HOW TO COMPLETE THIS TASK ▸
The entire listing below is to be written out exactly, minus the pictures.

DATASET CONTENT ▸

....

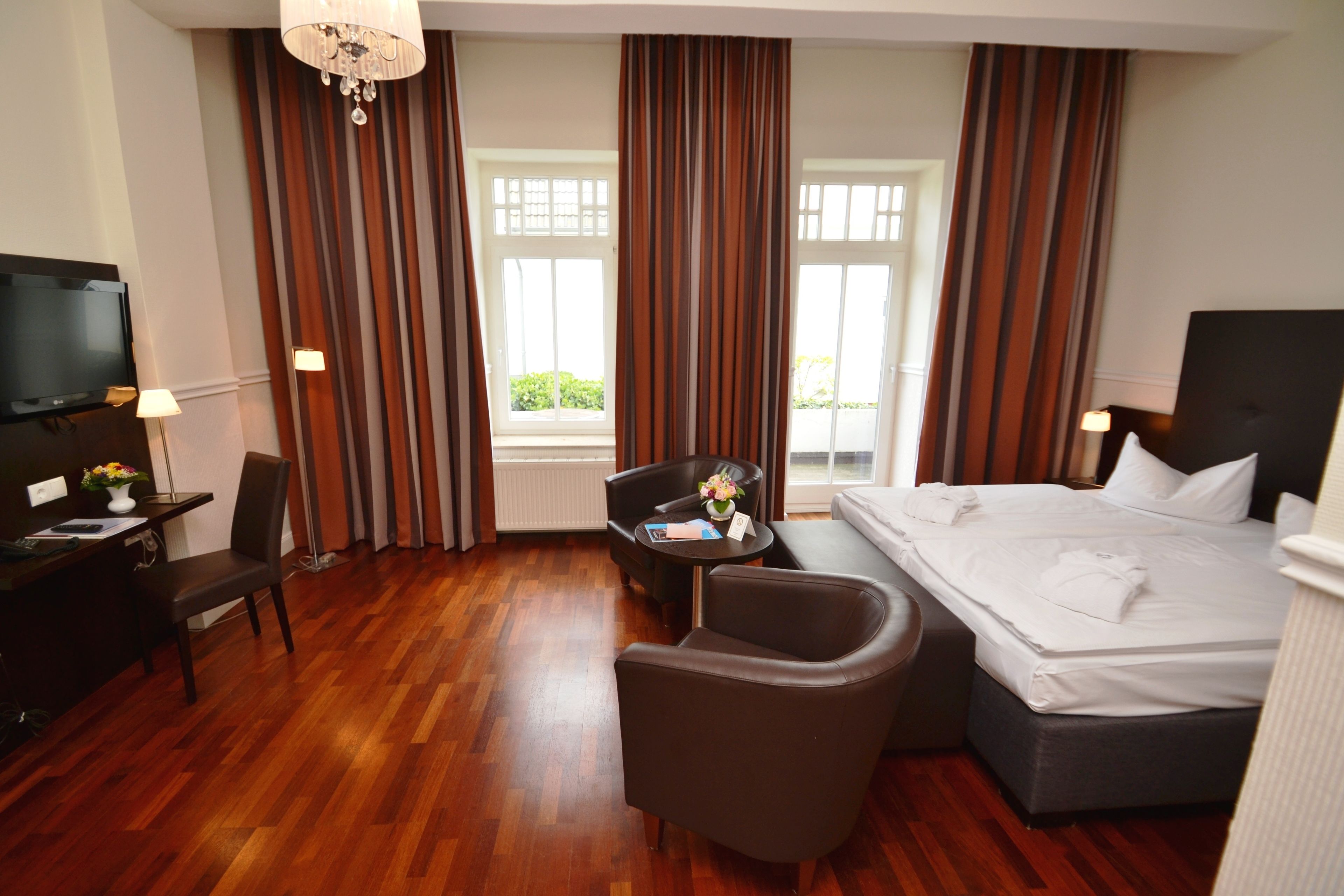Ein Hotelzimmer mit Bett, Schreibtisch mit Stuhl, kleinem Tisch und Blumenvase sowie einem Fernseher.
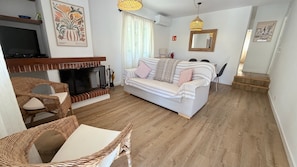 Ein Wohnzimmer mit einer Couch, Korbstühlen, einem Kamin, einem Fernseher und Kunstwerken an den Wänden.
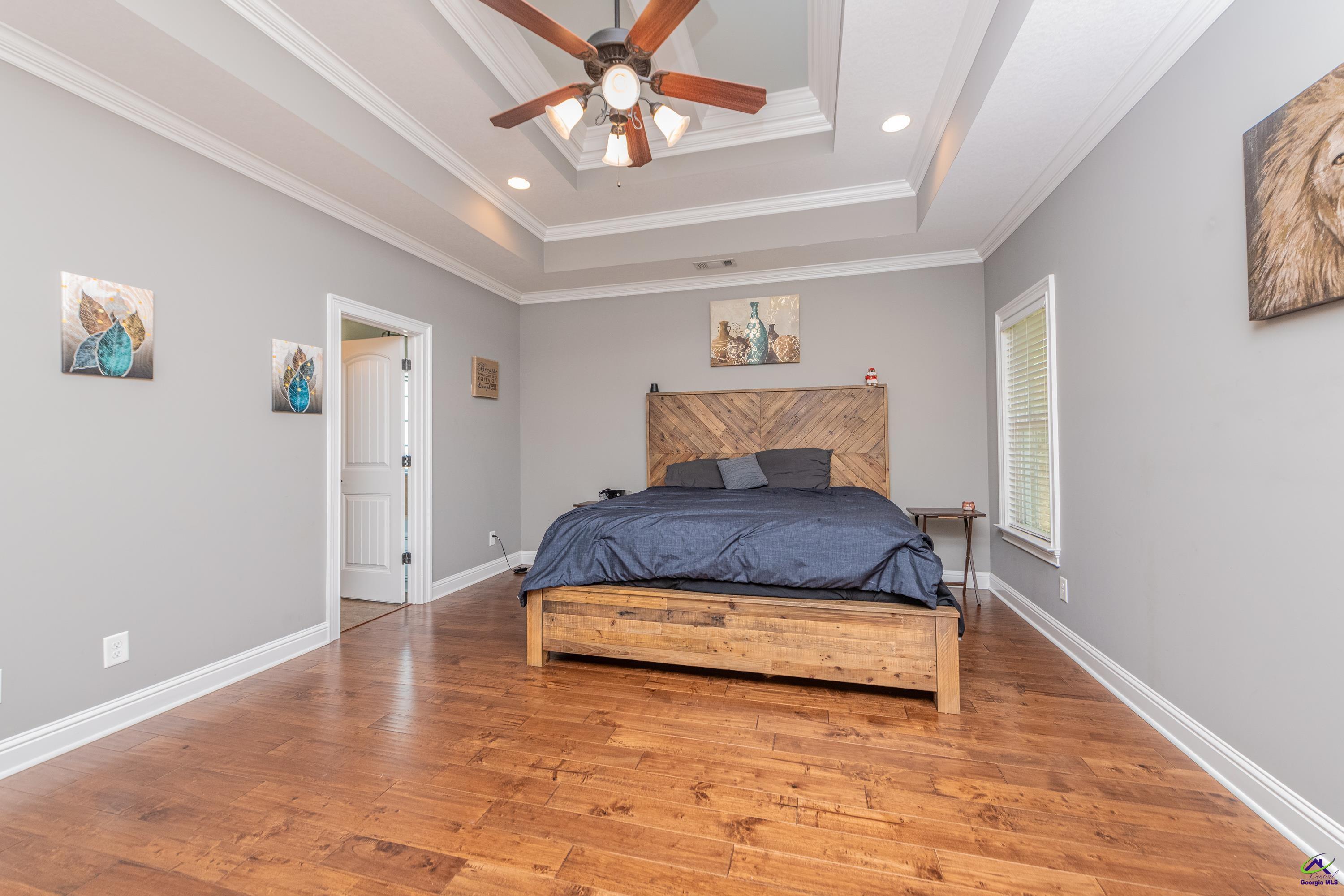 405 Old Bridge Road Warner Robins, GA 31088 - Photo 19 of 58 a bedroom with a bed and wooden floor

....

TASK SOLUTION ▸
Ein Hotelzimmer mit Bett, Schreibtisch mit Stuhl, kleinem Tisch und Blumenvase sowie einem Fernseher.
 Ein Wohnzimmer mit einer Couch, Korbstühlen, einem Kamin, einem Fernseher und Kunstwerken an den Wänden.
 405 Old Bridge Road Warner Robins, GA 31088 - Photo 19 of 58 a bedroom with a bed and wooden floor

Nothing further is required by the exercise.